Matthias Aumüller
Das Schachspiel in der europäischen Literatur
Von den Anfängen bis zu den großen Schach-Poemen der Frühen Neuzeit
Buchcover: © by Joachim Beyer Verlag
Literatur kann ohne Kunst auskommen, aber die Kunst bedarf des Schrifttums, will sie ihr verstecktes Kämmerchen verlassen oder nicht in Vergessenheit geraten. Die Hand, die malt, gleicht der Hand, die schreibt, aber die Prämissen liegen jeweils woanders. Ein arg vernachlässigtes literarisches Feld im Königlichen Spiel sind freilich die dem Schachmotiv gewidmeten Poeme. Bekannt ist vielleicht noch, dass seit dem 10. Jahrhundert literarische Zeugnisse nachweisbar sind. Das Mittelalter war eine Zeit, die dem Schach sehr zugetan war und das weite Spektrum zwischen moralischer Belehrung und erotischem Vergnügen abdeckte.
Sich mit den frühen Schachgedichten auseinanderzusetzen, hat Matthias Aumüller für sein beachtenswertes Buch "Das Schachspiel in der europäischen Literatur" zur Feder gegriffen. Leider ein Dunkelfeld im öffentlichen Bewußtsein als auch bei den Schachjüngern selbst bietet sein Arbeitsthema aus vielerlei Gründen Anregendes für den Geist wie auch Erkenntnisgewinn für den Verstand.
Schon Literatur zu beurteilen und dabei kritische Gedanken miteinzuflechten, fordert den Forscher ungemein heraus. Beim Schach kommt hinzu, dass es ohne strikten gesellschaftlichen Bezug, Religiosität und Ordnung nicht zu denken ist, solange man sich im Mittelalter bewegt. Erschwerend macht die Sache, dass Spezialdisziplinen wie Katalanistik, Latinistik, Polonistik, Italianistik und Anglistik in ihren älteren Verfasstheiten, also in der Sprache der Poeme, von Linguisten bereits das Äußerste abverlangen.
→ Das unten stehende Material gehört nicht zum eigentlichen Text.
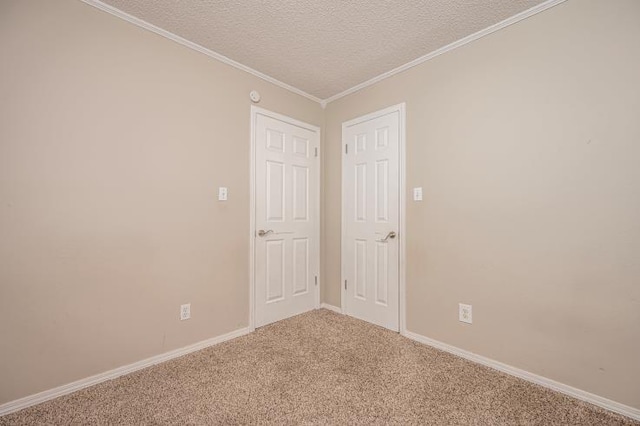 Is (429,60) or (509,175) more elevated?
(429,60)

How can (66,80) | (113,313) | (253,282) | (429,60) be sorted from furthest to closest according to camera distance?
(253,282) < (429,60) < (113,313) < (66,80)

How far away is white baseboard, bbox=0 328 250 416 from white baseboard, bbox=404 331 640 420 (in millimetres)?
1792

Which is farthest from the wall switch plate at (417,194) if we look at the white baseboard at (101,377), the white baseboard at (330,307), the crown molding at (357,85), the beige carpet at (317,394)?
the white baseboard at (101,377)

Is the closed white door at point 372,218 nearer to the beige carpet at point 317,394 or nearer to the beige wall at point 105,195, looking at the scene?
the beige carpet at point 317,394

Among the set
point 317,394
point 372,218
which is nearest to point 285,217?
point 372,218

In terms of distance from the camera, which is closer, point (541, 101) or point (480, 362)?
point (541, 101)

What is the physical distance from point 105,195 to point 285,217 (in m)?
1.52

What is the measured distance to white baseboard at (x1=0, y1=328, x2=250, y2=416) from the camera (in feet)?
4.96

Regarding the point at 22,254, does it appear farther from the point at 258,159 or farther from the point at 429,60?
the point at 429,60

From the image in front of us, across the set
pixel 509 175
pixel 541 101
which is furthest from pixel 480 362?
pixel 541 101

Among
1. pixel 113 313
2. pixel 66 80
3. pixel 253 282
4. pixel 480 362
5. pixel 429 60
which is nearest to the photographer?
pixel 66 80

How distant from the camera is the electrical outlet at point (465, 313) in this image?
6.84ft

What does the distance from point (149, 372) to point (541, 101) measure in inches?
127

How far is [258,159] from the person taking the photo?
265cm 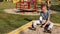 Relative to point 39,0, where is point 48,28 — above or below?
above

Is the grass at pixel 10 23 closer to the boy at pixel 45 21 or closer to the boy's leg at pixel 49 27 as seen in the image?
the boy at pixel 45 21

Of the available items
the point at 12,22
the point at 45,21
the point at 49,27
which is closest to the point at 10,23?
the point at 12,22

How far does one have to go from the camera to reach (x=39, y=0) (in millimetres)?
25578

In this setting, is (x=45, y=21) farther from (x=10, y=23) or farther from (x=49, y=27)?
(x=10, y=23)

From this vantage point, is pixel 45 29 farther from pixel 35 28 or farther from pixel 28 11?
pixel 28 11

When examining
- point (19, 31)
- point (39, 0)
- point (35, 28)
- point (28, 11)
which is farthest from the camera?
point (39, 0)

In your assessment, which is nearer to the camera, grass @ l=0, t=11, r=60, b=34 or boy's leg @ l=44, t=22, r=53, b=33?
boy's leg @ l=44, t=22, r=53, b=33

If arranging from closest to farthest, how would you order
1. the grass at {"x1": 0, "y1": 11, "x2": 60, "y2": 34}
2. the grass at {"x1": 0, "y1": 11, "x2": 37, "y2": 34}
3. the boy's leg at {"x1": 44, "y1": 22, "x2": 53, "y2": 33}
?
the boy's leg at {"x1": 44, "y1": 22, "x2": 53, "y2": 33} → the grass at {"x1": 0, "y1": 11, "x2": 37, "y2": 34} → the grass at {"x1": 0, "y1": 11, "x2": 60, "y2": 34}

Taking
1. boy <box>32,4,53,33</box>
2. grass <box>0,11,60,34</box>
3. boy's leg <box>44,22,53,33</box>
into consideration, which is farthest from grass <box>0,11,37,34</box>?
boy's leg <box>44,22,53,33</box>

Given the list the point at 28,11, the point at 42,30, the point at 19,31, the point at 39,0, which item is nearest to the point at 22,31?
the point at 19,31

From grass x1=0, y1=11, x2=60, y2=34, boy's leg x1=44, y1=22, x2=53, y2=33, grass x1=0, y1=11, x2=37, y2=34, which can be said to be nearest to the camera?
boy's leg x1=44, y1=22, x2=53, y2=33

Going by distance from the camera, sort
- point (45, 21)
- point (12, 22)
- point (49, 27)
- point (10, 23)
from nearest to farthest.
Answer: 1. point (49, 27)
2. point (45, 21)
3. point (10, 23)
4. point (12, 22)

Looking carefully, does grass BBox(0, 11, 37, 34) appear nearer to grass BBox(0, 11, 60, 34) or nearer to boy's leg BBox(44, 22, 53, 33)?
grass BBox(0, 11, 60, 34)

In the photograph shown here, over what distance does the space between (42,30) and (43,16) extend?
55cm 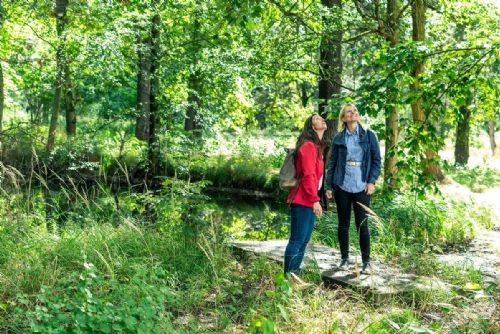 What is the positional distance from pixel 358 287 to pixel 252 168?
500 inches

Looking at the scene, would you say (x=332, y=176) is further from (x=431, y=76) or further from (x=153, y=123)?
(x=153, y=123)

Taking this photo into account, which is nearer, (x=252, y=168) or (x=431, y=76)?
(x=431, y=76)

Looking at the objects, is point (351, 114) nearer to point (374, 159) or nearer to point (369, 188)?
point (374, 159)

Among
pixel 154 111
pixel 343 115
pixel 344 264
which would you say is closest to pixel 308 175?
pixel 343 115

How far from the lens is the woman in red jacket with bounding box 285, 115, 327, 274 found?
5535 mm

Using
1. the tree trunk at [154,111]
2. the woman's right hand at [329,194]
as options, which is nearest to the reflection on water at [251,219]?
the tree trunk at [154,111]

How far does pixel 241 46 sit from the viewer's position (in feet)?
45.7

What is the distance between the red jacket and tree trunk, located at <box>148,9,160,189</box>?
874 cm

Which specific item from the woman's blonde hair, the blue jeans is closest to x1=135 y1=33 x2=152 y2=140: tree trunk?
the woman's blonde hair

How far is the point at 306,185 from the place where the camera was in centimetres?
552

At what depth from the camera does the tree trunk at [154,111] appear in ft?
46.0

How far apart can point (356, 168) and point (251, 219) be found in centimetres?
747

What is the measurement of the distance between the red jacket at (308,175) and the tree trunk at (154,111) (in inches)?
344

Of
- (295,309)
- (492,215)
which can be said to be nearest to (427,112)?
(295,309) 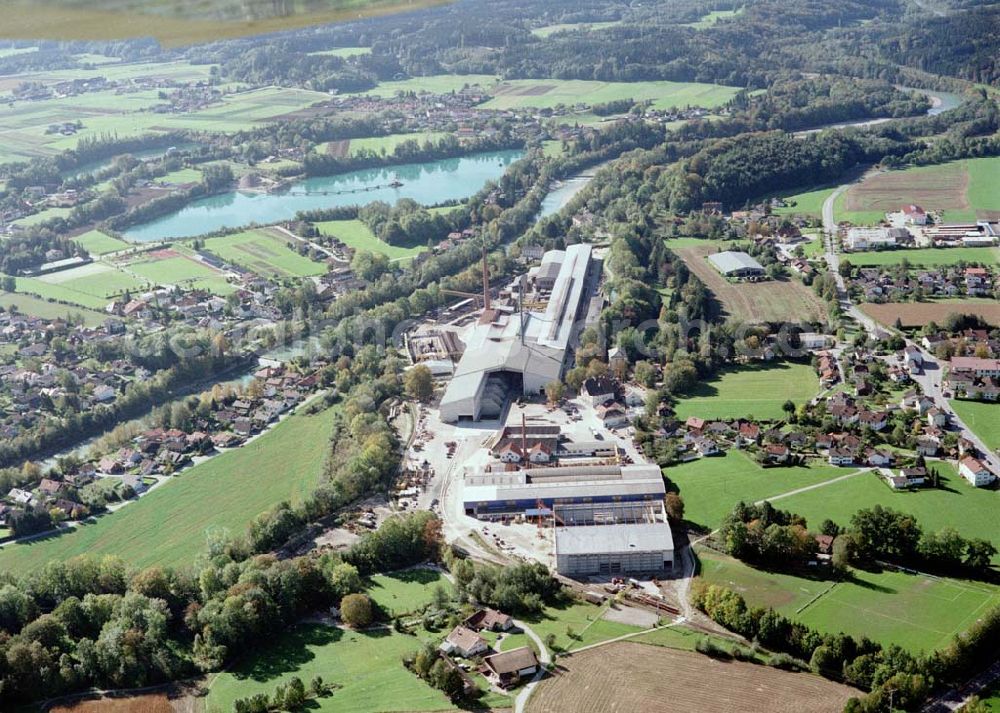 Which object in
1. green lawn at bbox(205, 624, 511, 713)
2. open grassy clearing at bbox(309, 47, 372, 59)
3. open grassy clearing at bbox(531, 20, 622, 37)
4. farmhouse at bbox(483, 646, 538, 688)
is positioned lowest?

Aumüller hat bei seiner Reise in die literarische Schachgeschichte, die er mit Bedacht als populärwissenschaftlich ausweist, mit einer leicht verständlichen Tinte geschrieben. Ohne diese Behutsamkeit müssten Laien ansonsten an dem Buch verzweifeln. So allerdings erfährt man, dass der früheste Beleg im christlichen Europa das mittelalterliche Schachgedicht "Versus de scachis" markiert, das im Kloster Einsiedeln aufbewahrt wird.
Allerdings geht es hierbei im Wesentlichen um die Regeln des Schachspiels. Die vier nachfolgenden Werke weisen mehr Gehalt auf. Insbesondere das vom Dominikanermöch Jacobus de Cessolis gestiftete Traktat hat die Literaturgeschichte stark geprägt und für mehrere Jahrhunderte als Vorbild gedient. Aumüller zeigt indes auf, dass weder von Cessolis noch seinem Original allzu viel bekannt ist. Zum einen, weil man seinen Text stellenweise fehlerhaft abgeschrieben, übersetzt, nacherzählt hat, dass Verse gar umgedichtet wurden. Aumüller spricht daher vom "Cessolis-Komplex".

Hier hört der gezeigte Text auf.